We compute the top 2 singular values and corresponding singular vectors.
svd = mat.computeSVD(2, computeU=True)
U = svd.U # The U factor is a RowMatrix.
s = svd.s # The singular values are stored in a local dense vector.
V = svd.V # The V factor is a local dense matrix.
If we are doing it right, the right singular vectors should be the same as the eigenvectors.
print(V)
# DenseMatrix([[-0.31278534, 0.31167136],
# [-0.02980145, -0.17133211],
# [-0.12207248, 0.15256471],
# [-0.71847899, -0.68096285],
# [-0.60841059, 0.62170723]])
But it is not the same! Why? Remeber that we need to do centering! We can do so use the StandardScaler (check out the API) to center the data, i.e., remove the mean.
from pyspark.mllib.feature import StandardScaler
standardizer = StandardScaler(True, False)
model = standardizer.fit(rows)
centeredRows = model.transform(rows)
centeredRows.collect()
# [DenseVector([-2.0, 0.6667, -1.0, 1.3333, -4.0]), DenseVector([0.0, -0.3333, 2.0, -1.6667, 1.0]), DenseVector([2.0, -0.3333, -1.0, 0.3333, 3.0])]
centeredmat = RowMatrix(centeredRows)
Compute the top 2 singular values and corresponding singular vectors.
svd = centeredmat.computeSVD(2, computeU=True)
U = svd.U # The U factor is a RowMatrix.
s = svd.s # The singular values are stored in a local dense vector.
V = svd.V # The V factor is a local dense matrix.
Check the PC obtained this time (it is the same as the above PCA methods now)
print(V)
# DenseMatrix([[-0.44859172, -0.28423808],
# [ 0.13301986, -0.05621156],
# [-0.12523156, 0.76362648],
# [ 0.21650757, -0.56529588],
# [-0.84765129, -0.11560341]])
Let us examine the relationships between the singular values and the eigenvalues.
print(s)
# [6.001041088520536,3.0530049438580336]
We get the eigenvalues by taking squares of the singular values
evs=s*s
print(evs)
# [36.012494146111734,9.320839187221594]
Now we compute the percentage of variance captures and compare with the above to verify (see/search model.explainedVariance
).
evs/sum(evs)
# DenseVector([0.7944, 0.2056])
Do the following on HPC. Run your code in batch mode to produce the results.
- Download the MovieLens ml-latest-small dataset using
wget
as in Lab 2 exercises to theScalableML/Data
directory on HPC. Use theunzip
command to unzip the files to a directory of your choice (search "unzip linux" to see examples of usage). Read the readme for this dataset to understand the data. - Use
ALS
to learn five recommendation models on this dataset, using the same split ratio (0.8, 0.2
) and seed (6012
) as above but five different values of therank
parameter: 5, 10, 15, 20, 25. Plot the (five) resulting RMSE values (on the test set) against the five rank values. - Find the top five movies to recommend to any one user of your choice and display the titles and genres for these five movies (via programming).
Study the Iris flower data set iris.csv
under Data
with PCA.
- Follow Understanding Dimension Reduction with Principal Component Analysis (PCA) to do the same analysis using the DataFrame-based PCA
pca.fit()
frompyspark.ml
. - Follow this lab to verify that using the other two RDD-based PCA APIs
computePrincipalComponents
andcomputeSVD
will give the same PCA features.
- Complete the tasks in the quiz provided by DataBricks on their data or the data from MovieLens directly.
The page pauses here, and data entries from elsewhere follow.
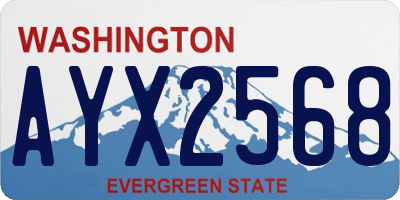 WA license plate AYX2568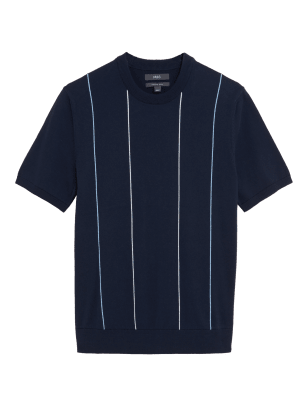 

Mens M&S Collection Cotton Rich Striped Knitted T-shirt - Navy, Navy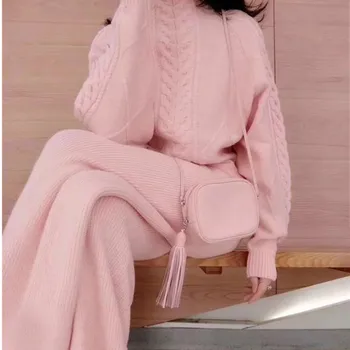 SMTHMA 2020 New Autumn Winter Knit Pant Sets Women Turtleneck warm pink Sweater + Wide Leg Two Pcs Pants Suits set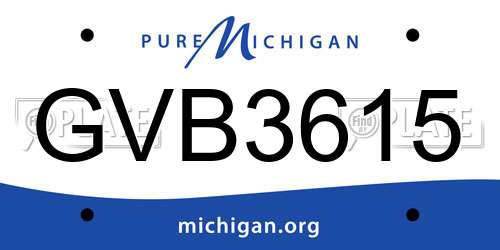 GVB3615 Michigan License Plate
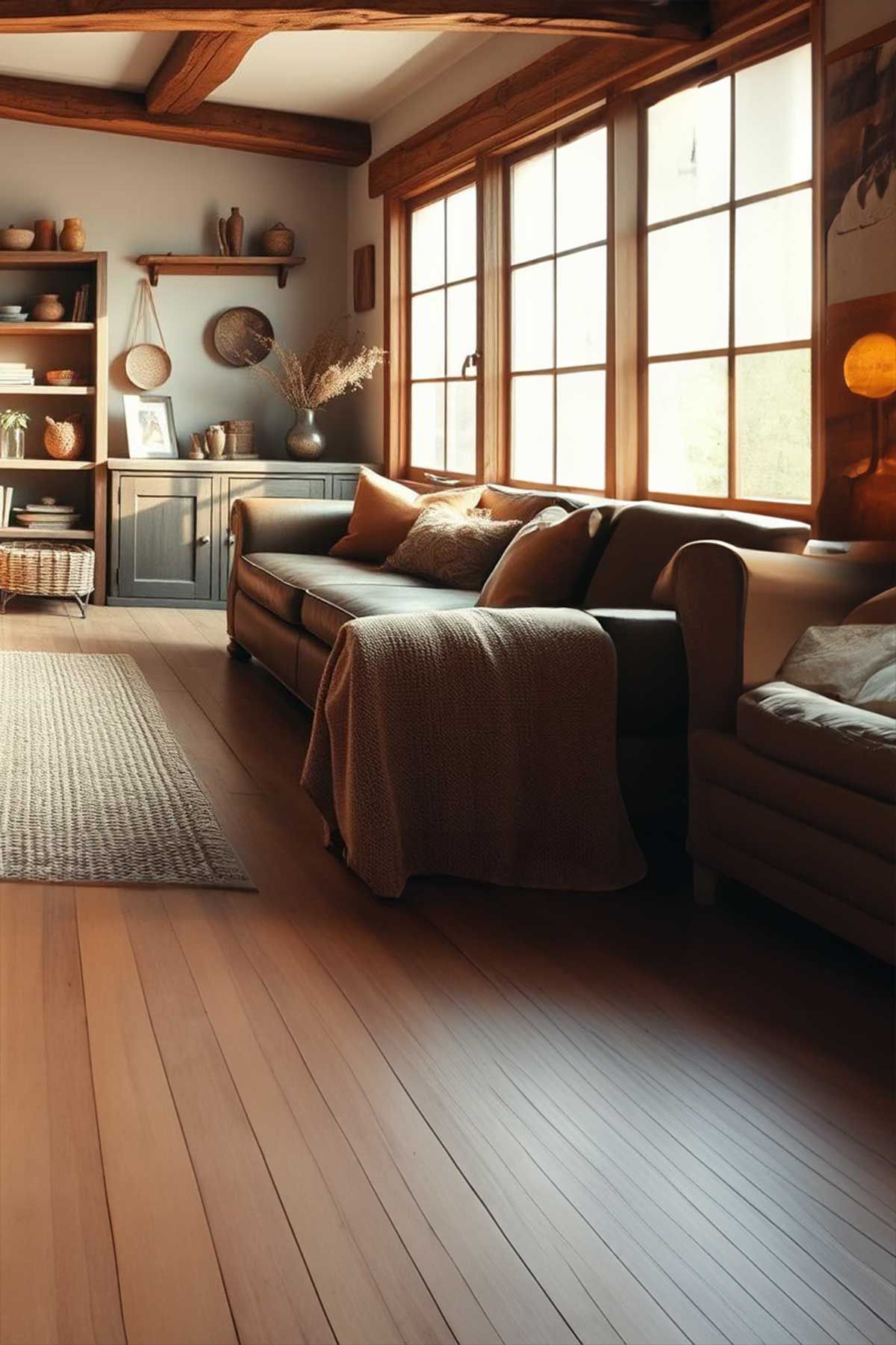 A rustic living area with jute carpets and natural fibre rugs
A solution is available but you should try before consulting the solution.
- A Kaggle competition on Santander Product Recommendation with a prize of USD 60,000, and 1,779 teams participating.
- Follow this PySpark notebook on an ALS-based solution.
- Learn the way to consider implicit preferences and do the same for other recommendation problems.
- Follow Chapter ALS: Stock Portfolio Recommendations of PySpark tutorial to perform Stock Portfolio Recommendations)
- The data can be downloaded from Online Retail Data Set at UCI.
- Pay attention to the data cleaning step that removes rows containing null value. You may need to do the same when you are dealing with real data.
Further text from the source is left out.